## Instructions for the task
Leaving the pictures aside, reproduce the data in full and word for word.

## Data segment
+++

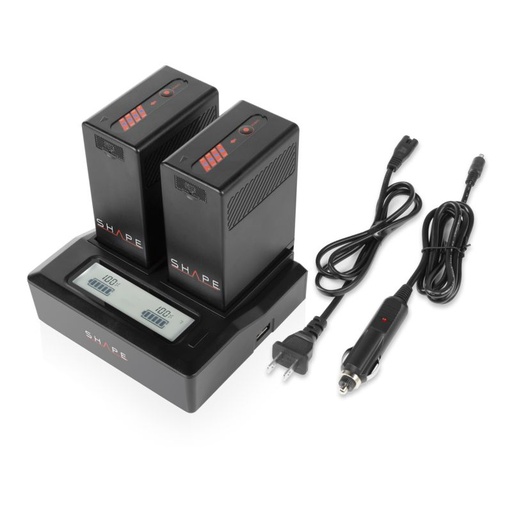 [SHBPU2B] SHAPE 2x Lithium-Ionen Batterien mit Dual LCD Ladegerät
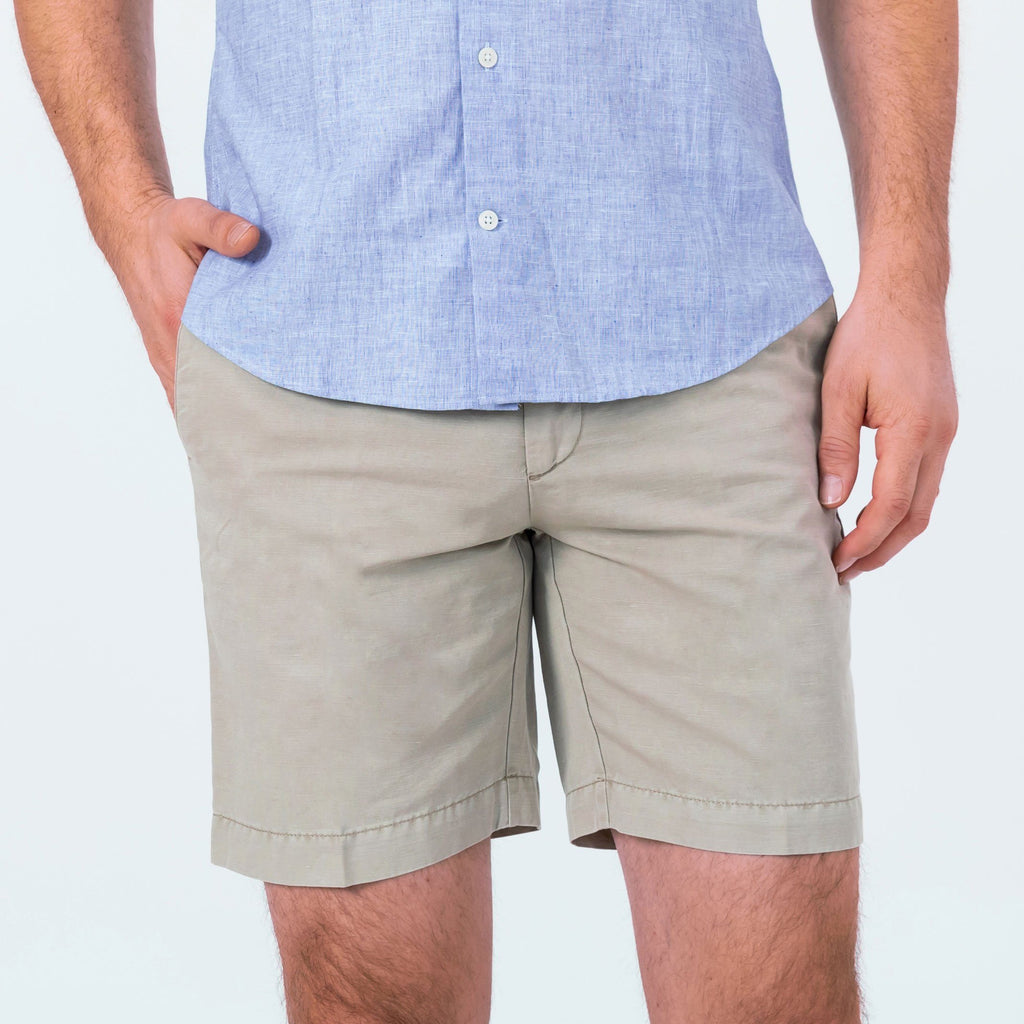 The Khaki Richmond Washed Twill Short Shorts- Ledbury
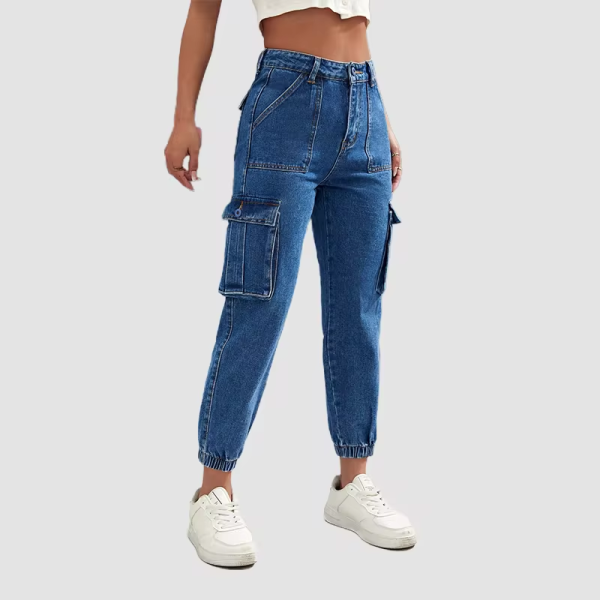 women's jeans cargo pants high waisted flap pocket cargo denim jeans custom cargo pants for women - Image 2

+++

## Solution for this task
 [SHBPU2B] SHAPE 2x Lithium-Ionen Batterien mit Dual LCD Ladegerät
 The Khaki Richmond Washed Twill Short Shorts- Ledbury
 women's jeans cargo pants high waisted flap pocket cargo denim jeans custom cargo pants for women - Image 2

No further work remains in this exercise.